Show that the quadratic equation \({x^2} – (5 – k)x – (k + 2) = 0\) has two distinct real roots for all real values of k .

▶️Answer/Explanation

Markscheme

\(\Delta  = {(5 – k)^2} + 4(k + 2)\)     M1A1

\( = {k^2} – 6k + 33\)     (A1)

\( = {(k – 3)^2} + 24\) which is positive for all    R1

Note: Accept analytical, graphical or other correct methods. In all cases only award R1 if a reason is given in words or graphically. Award M1A1A0R1 if mistakes are made in the simplification but the argument given is correct.

 

[4 marks]

Examiners report

Overall the question was pretty well answered but some candidates seemed to have mixed up the terms determinant with discriminant. In some cases a lack of quality mathematical reasoning and understanding of the discriminant was evident. Many worked with the quadratic formula rather than just the discriminant, conveying a lack of understanding of the strategy required. Errors in algebraic simplification (expanding terms involving negative signs) prevented many candidates from scoring well in this question. Many candidates were not able to give a clear reason why the quadratic has always two distinct real solutions; in some cases a vague explanation was given, often referring to a graph which was not sketched.

Question

Consider \(p(x) = 3{x^3} + ax + 5a,\;\;\;a \in \mathbb{R}\).

The polynomial \(p(x)\) leaves a remainder of \( – 7\) when divided by \((x – a)\).

Show that only one value of \(a\) satisfies the above condition and state its value.

▶️Answer/Explanation

Markscheme

using \(p(a) =  – 7\) to obtain \(3{a^3} + {a^2} + 5a + 7 = 0\)     M1A1

\((a + 1)(3{a^3} – 2a + 7) = 0\)     (M1)(A1)
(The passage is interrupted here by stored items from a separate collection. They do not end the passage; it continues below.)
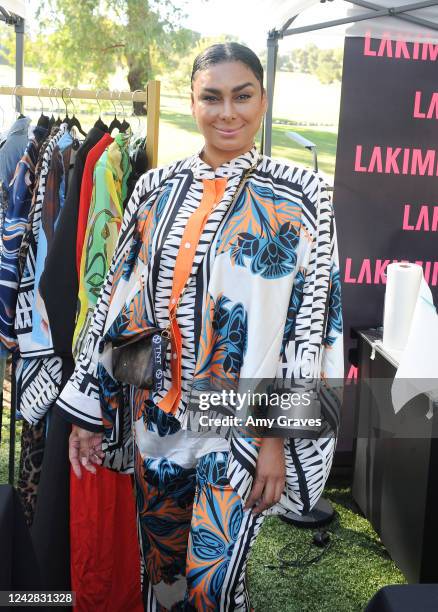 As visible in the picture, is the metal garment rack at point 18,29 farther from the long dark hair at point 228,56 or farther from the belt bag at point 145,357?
the belt bag at point 145,357

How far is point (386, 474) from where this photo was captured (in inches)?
117

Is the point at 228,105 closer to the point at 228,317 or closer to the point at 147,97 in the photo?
the point at 228,317

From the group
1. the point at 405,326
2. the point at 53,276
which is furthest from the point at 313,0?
the point at 53,276

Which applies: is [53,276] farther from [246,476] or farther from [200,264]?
[246,476]

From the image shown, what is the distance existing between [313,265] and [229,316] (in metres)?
0.23

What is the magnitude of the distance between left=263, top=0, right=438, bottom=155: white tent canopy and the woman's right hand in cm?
190

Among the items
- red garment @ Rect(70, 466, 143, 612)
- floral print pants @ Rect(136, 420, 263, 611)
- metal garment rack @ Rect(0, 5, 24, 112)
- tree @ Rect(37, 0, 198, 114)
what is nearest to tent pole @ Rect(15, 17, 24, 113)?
metal garment rack @ Rect(0, 5, 24, 112)

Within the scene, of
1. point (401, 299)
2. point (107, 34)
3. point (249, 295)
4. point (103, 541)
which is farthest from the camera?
point (107, 34)

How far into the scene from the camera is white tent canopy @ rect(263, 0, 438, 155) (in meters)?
3.06

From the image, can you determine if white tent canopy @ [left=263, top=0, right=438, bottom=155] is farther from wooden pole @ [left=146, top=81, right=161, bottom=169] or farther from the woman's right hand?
the woman's right hand

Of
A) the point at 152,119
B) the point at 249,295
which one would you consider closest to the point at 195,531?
the point at 249,295

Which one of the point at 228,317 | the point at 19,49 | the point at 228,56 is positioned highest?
the point at 19,49

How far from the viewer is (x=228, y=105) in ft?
5.35

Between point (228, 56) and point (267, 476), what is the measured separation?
0.98 m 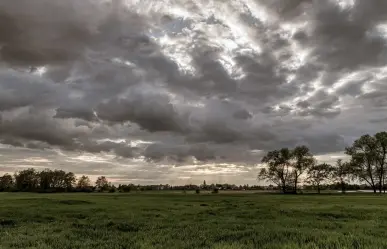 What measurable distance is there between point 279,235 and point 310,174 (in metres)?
137

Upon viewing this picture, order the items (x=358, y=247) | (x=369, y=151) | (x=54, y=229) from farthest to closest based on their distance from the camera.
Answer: (x=369, y=151) < (x=54, y=229) < (x=358, y=247)

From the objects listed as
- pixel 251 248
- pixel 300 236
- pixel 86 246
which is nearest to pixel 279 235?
pixel 300 236

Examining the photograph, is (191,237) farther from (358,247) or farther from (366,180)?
(366,180)

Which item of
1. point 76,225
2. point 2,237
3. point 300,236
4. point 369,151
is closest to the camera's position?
point 300,236

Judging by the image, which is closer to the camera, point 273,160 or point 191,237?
point 191,237

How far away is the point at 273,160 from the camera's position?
14888 centimetres

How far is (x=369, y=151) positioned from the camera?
391 feet

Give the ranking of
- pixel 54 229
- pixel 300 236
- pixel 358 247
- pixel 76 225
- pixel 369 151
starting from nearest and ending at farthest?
pixel 358 247
pixel 300 236
pixel 54 229
pixel 76 225
pixel 369 151

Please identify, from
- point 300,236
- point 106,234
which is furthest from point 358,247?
point 106,234

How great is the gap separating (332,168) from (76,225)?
140 m

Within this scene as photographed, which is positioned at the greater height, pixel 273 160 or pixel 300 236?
pixel 273 160

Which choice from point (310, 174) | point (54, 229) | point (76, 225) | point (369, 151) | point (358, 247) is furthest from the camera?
point (310, 174)

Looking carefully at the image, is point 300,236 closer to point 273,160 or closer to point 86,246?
point 86,246

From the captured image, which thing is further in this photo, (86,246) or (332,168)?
(332,168) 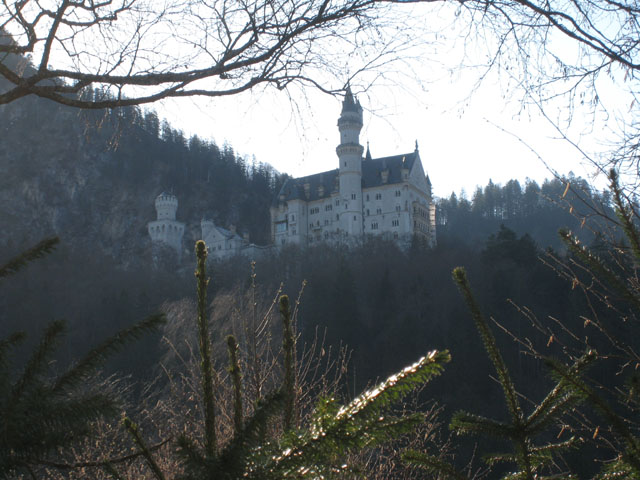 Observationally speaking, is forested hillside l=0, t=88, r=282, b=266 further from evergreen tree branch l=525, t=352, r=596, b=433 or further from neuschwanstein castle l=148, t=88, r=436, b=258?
evergreen tree branch l=525, t=352, r=596, b=433

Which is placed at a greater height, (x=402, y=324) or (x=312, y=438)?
(x=312, y=438)

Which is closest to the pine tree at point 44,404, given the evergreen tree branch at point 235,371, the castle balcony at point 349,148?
the evergreen tree branch at point 235,371

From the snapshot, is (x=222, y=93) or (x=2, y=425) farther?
(x=222, y=93)

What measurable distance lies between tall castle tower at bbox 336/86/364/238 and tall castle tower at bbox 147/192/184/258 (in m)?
23.4

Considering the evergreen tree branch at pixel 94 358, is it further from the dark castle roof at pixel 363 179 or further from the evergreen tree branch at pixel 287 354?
the dark castle roof at pixel 363 179

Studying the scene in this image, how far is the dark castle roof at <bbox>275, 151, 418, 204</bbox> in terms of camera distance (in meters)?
63.1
Note:     Award M1 for a cubic graph with correct shape and A1 for clearly showing that the above cubic crosses the horizontal axis at \(( – 1,{\text{ }}0)\) only.

\(a =  – 1\)     A1

EITHER

showing that \(3{a^2} – 2a + 7 = 0\) has no real (two complex) solutions for \(a\)     R1

OR

showing that \(3{a^3} + {a^2} + 5a + 7 = 0\) has one real (and two complex) solutions for \(a\)     R1

Note:     Award R1 for solutions that make specific reference to an appropriate graph.

[6 marks]

Examiners report

A large number of candidates, either by graphical (mostly) or algebraic or via use of a GDC solver, were able to readily obtain \(a =  – 1\). Most candidates who were awarded full marks however, made specific reference to an appropriate graph. Only a small percentage of candidates used the discriminant to justify that only one value of \(a\) satisfied the required condition. A number of candidates erroneously obtained \(3{a^3} + {a^2} + 5a – 7 = 0\) or equivalent rather than \(3{a^3} + {a^2} + 5a + 7 = 0\).

Question

In the quadratic equation \(7{x^2} – 8x + p = 0,{\text{ }}(p \in \mathbb{Q})\), one root is three times the other root.
Find the value of \(p\).

▶️Answer/Explanation

Markscheme

METHOD 1

let roots be \(\alpha \) and \(3\alpha \)     (M1)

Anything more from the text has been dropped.